La Maison de Moissac – 3/3

 

Marianne Cohn (1922-1944)

 

Où trouver l’argent nécessaire au fonctionnement de la Maison de Moissac ? Dès son ouverture, elle est essentiellement subventionnée par le Consistoire de Paris, Robert de Rothschild et le Comité d’aide aux réfugiés. Par ailleurs, le Joint verse une allocation mensuelle de 400 francs par enfant, jusqu’en 1942. A ces sommes s’ajoutent quelques cotisations et des subventions versées par le scoutisme français.

 

La Maison de Moissac maintient la discipline scoute. Il faut apprendre aux enfants et aux adolescents à se débrouiller en cas de besoin — question de survie. Cette discipline aidera les pensionnaires de la Maison lorsque viendra l’heure de la dispersion et de la clandestinité, fin 1943. Il y a la discipline scoute, il y a aussi «le souffle de la Torah» — titre du chapitre 6. A la Maison de Moissac, le judaïsme subit l’influence de Léo Cohn et d’Isaac Pougatch. C’est un judaïsme joyeux, festif, optimiste et hassidique, qui se fait particulièrement sentir à l’occasion du Shabbat. La Maison de Moissac, ses fêtes, ses jeux et ses Shabbats qui restent parmi les meilleurs souvenirs des anciens. Le calendrier juif rythme la vie de la Maison.
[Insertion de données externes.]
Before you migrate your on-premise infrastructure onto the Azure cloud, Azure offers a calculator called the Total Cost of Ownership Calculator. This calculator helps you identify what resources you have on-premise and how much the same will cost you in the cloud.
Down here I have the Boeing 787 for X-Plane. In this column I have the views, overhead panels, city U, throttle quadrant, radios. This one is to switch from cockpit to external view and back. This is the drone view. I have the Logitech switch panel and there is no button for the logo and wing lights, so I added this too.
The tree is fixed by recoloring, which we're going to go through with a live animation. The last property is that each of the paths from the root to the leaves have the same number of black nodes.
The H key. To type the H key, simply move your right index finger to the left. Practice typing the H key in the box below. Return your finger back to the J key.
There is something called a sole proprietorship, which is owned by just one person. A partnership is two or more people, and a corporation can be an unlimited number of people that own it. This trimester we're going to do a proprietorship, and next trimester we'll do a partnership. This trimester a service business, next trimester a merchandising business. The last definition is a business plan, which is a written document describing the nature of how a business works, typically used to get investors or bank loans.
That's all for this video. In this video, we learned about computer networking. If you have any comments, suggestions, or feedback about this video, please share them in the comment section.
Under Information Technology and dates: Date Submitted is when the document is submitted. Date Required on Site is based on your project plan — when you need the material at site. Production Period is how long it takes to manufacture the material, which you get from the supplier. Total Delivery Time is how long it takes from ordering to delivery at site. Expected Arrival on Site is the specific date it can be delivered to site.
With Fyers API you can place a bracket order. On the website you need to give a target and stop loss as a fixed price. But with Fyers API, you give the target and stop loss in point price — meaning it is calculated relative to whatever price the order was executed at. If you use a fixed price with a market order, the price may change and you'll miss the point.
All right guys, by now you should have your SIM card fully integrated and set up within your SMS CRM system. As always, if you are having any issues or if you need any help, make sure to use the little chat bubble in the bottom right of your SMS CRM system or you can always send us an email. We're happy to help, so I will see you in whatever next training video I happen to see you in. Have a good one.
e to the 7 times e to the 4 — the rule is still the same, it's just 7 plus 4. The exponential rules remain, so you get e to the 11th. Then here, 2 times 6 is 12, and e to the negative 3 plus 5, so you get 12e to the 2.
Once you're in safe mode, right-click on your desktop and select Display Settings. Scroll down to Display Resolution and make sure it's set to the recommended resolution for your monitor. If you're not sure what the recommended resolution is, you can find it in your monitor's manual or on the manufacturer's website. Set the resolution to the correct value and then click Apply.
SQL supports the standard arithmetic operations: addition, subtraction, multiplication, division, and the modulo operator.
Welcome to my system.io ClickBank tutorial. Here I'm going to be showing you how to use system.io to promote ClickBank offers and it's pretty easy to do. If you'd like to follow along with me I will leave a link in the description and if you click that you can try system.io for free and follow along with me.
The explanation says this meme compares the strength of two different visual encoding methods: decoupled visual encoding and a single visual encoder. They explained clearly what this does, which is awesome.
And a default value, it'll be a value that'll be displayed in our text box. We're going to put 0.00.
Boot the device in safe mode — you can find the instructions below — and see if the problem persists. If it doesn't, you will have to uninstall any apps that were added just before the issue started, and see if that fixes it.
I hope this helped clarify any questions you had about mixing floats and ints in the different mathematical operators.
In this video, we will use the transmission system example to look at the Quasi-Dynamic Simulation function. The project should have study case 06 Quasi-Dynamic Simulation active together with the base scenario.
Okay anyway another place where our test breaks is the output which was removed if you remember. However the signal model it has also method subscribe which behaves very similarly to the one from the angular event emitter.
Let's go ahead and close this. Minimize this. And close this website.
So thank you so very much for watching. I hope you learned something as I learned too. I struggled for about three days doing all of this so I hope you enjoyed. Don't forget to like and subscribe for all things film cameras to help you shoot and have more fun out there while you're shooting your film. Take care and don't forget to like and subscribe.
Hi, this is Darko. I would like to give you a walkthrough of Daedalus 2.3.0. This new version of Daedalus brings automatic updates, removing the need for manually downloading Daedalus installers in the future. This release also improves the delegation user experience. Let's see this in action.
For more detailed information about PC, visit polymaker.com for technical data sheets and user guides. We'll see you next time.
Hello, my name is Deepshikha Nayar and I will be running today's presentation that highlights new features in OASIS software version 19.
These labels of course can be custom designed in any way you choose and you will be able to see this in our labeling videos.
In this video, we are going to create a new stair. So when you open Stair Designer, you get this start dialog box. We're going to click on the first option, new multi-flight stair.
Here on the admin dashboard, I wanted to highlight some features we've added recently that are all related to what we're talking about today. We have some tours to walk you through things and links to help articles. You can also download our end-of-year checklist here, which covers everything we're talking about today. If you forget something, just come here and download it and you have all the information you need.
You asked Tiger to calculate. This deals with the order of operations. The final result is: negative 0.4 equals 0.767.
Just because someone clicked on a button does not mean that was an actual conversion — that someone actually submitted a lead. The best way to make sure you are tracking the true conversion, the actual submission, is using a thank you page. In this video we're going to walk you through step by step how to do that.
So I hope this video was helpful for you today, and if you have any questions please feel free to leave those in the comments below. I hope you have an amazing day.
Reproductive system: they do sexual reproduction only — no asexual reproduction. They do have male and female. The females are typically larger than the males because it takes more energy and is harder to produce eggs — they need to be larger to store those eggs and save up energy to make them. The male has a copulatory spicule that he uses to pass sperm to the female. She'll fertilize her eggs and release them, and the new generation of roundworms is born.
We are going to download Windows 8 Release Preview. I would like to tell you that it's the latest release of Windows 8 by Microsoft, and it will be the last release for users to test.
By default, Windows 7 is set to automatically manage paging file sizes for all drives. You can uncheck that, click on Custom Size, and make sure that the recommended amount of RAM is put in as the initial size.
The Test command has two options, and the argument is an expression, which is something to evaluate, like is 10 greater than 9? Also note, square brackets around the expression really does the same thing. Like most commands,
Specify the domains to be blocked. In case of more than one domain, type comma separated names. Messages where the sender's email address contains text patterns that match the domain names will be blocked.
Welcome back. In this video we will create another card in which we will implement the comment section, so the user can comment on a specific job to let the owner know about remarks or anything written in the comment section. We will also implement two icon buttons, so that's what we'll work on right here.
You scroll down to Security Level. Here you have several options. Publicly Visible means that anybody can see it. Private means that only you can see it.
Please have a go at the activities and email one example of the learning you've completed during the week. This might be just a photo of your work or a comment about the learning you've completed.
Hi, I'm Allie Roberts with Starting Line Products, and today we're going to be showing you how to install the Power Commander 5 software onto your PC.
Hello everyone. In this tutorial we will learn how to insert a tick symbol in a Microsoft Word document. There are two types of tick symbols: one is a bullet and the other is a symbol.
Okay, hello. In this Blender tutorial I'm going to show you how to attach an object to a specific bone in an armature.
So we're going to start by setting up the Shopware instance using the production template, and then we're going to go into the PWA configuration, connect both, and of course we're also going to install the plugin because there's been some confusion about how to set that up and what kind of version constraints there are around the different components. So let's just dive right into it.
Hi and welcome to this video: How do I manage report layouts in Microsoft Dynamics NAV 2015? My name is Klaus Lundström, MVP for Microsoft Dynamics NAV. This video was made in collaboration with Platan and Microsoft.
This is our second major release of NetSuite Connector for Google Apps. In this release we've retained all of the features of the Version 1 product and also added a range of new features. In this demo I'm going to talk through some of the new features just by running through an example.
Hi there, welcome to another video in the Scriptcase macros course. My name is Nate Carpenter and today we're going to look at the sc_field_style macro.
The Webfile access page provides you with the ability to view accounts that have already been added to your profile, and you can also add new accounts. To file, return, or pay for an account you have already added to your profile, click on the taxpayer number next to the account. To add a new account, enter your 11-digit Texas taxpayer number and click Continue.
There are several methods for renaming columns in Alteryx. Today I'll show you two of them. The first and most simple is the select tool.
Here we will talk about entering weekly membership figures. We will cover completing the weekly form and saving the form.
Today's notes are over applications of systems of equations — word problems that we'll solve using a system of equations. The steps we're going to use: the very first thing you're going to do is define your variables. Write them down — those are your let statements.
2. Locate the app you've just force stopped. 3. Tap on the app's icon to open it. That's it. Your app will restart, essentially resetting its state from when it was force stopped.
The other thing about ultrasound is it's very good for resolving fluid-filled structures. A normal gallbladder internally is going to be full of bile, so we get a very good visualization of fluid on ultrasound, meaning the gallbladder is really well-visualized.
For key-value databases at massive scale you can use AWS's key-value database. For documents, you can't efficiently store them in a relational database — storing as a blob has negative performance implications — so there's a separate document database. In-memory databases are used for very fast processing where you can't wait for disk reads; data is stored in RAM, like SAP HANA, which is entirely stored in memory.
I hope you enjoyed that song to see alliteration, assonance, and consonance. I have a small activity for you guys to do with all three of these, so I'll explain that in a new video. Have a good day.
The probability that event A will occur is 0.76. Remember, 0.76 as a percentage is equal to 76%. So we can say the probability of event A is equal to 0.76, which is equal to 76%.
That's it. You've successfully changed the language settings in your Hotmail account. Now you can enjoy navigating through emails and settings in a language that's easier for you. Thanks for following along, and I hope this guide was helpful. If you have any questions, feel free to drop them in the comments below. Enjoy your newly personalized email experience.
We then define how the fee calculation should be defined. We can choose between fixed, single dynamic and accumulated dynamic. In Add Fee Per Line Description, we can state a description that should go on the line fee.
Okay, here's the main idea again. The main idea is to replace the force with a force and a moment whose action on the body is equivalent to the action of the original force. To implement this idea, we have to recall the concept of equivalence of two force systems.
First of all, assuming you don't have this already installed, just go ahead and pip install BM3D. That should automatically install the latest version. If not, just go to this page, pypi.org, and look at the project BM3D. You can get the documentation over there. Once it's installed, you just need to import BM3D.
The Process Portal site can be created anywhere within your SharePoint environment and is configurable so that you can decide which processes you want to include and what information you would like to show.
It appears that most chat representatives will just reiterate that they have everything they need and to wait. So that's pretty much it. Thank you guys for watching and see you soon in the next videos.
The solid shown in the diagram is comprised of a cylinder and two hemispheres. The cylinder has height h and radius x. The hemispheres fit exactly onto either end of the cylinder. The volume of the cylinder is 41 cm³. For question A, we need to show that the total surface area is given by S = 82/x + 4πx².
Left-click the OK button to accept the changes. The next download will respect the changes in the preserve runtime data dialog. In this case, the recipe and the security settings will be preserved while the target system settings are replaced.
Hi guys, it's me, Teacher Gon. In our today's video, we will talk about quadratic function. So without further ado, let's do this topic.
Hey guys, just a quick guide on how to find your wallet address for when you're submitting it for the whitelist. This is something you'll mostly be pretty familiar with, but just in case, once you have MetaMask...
On y chante beaucoup. Chants du Shabbat, chants de marche. Dans son répertoire, un chant favori : «Lève la tête, peuple d’Israël !» de Haendel. Isaac Pougatch rapporte à ce propos un savoureux épisode : «Un jour, des fonctionnaires de Vichy en visite à Charry souhaitèrent visiter la Maison d’enfants de Moissac située à quelques kilomètres. Apprenant qu’une chorale avait été créée, ils demandèrent, amusés, à entendre ce que «ces petits juifs pouvaient bien chanter par les temps qui couraient». Garçons et filles en chemisettes et corsages blancs, culottes bleues et jupes, se rangèrent en bon ordre. Puis de toutes leurs voix, ils lancèrent cet appel triomphant : «Lève la tête, peuple d’Israël !» Les fonctionnaires eurent — malgré eux — un mouvement de recul, se regardèrent gênés, et quittèrent les lieux en marmonnant des compliments…» Le chant structure les enfants, les soude à la Troupe. La chorale de Moissac est un élément fondamental de la vie communautaire et le judaïsme y représente ce minimum commun qui rassemble enfants et responsables. Selon les vœux de Robert Gamzon, le judaïsme à la Maison de Moissac se propose de perpétuer après la guerre l’âme et les traditions juives.

 

Survivre c’est aussi bannir toute tragédie de l’éducation. Shatta Simon : «On évitait la tragédie. Non seulement ce n’était pas supportable, mais ce n’était pas jouable ! On était préoccupé par la santé des enfants, par la joie et les jeux des enfants, par tout ce qui était vivant ! Nous avons joué la vie et nous avons gagné !» Par ailleurs, pour survivre il faut parler français. Mot d’ordre de Shatta : «Ici, on parle français ! Interdit de parler quoi que ce soit d’autre !»

 

20 janvier 1942, conférence de Wannsee. Les modalités de la Solution finale de la question juive (die Endlösung der Judenfrage) sont définies. 15 juillet 1942, la rafle du Vel’ d’Hiv’ marque un point de non-retour dans la trahison du gouvernement français envers la communauté juive. Et les Allemands réclament les Juifs de la zone non-occupée. A partir d’août 1942, tous les enfants et responsables de la Maison de Moissac sont directement menacés. En novembre 1943, le danger est tel que les responsables décident la dissolution de la Maison. Les enfants vont vivre dispersés et sous une fausse identité. Le Commissariat aux questions juives, alors dirigé par Xavier Vallat, impose la création d’un organisme qui lui sera inféodé, l’Union générale des israélites de France (U.G.I.F.), institué par la loi du 29 novembre 1941. Cet organisme financé par la cotisation obligatoire de tous les Juifs du pays va devenir le seul interlocuteur reconnu auprès des autorités de Vichy. En conséquence, tous les autres organismes juifs qui ne veulent pas être interdits doivent s’intégrer à l’U.G.I.F. Que faire ? L’U.G.I.F. évoque de manière inquiétante les Judenraten. Mais ne pas vouloir s’intégrer à l’U.G.I.F. suppose pour les E.I.F. la fermeture de tous ses centres et l’abandon des enfants. Les E.I.F. — et l’O.S.E. — adhérent à contrecœur à l’U.G.I.F. où Robert Gamzon représente les E.I.F. de la zone non-occupée. Les E.I.F. poursuivent donc leurs activités sous le contrôle des services de la jeunesse de Vichy et du Scoutisme français tout en se voyant dépossédés de leur caractère.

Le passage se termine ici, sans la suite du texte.